It’s fairly common, especially for first-time home sellers, to finalize the purchase of their home, receive their money, and then ask, “but where’s the rest of it?”
That’s because, if you sell your home for, say, $300,000, you end up receiving significantly less than that in actual cash. Selling a home costs money; there are dozens of associated fees that come with a home sale, some of which are percentage-based, and some of which are flat fees. In general, sellers owe closing costs equivalent to 8-10% of the final sale price. So when you agree to a final sale price, it’s hard to know, off the top of your head, how much money you’ll actually receive.
That’s what a seller’s net sheet is for. A properly filled out and formatted seller’s net sheet will tell you exactly how much money you’ll make from your home sale.
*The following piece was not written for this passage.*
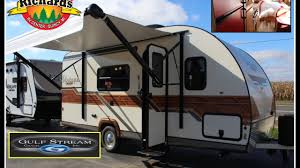 The gulf stream vintage cruiser 19twd is a rather unique floorplan. 2017 Gulfstream Vintage Cruiser Woody Edition 19rbs Youtube
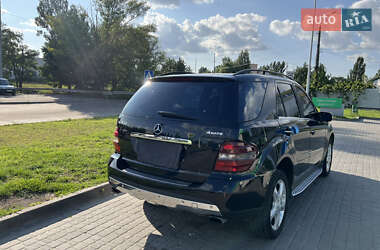 Внедорожник / Кроссовер Mercedes-Benz M-Class 2006 в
Read on to find out what a seller’s net sheet is, a definition for the most common terms on a seller’s net sheet, who provides the seller’s net sheet, and more.
We’ll even provide a usable seller’s net sheet template that you can use to project how much money you might clear from your home sale. But first— some definitions.
Skip ahead to the following sections of this article:
- What is a seller’s net sheet?
- Do you need a seller’s net sheet?
- Who creates the seller’s net sheet?
- When will you receive the seller’s net sheet?
- Seller net sheet terms to know
- How to sellers can save on expenses
What Is a Seller’s Net Sheet?
A seller’s net sheet is a spreadsheet that itemizes all the fees and expenses in your transaction, to give you a pretty accurate estimate of what you’ll net in the sale.
Experts say that sellers can expect to pay up to 10% in closing and transaction costs; for a $300,000 home, that’s a whopping $30,000. A seller’s net sheet will show you exactly where all that money is going and, depending how creative and motivated you are, potentially point to ways you can shave hundreds or thousands of dollars off those costs.
Pro tip: We’ll show you how to save thousands on real estate commission (the biggest expense) at the end of this article.
Do You Need a Seller’s Net Sheet?
The law doesn’t require you or your agent to fill out a seller’s net sheet. But it’s almost always a good idea to use one. Think of a seller’s net sheet as a financial road map to your real estate transaction. You’re going to have tens or hundreds of thousands of dollars going in and out the door, into your account, and to various other people and entities; it’s in your best interests to have an idea of where everything is going.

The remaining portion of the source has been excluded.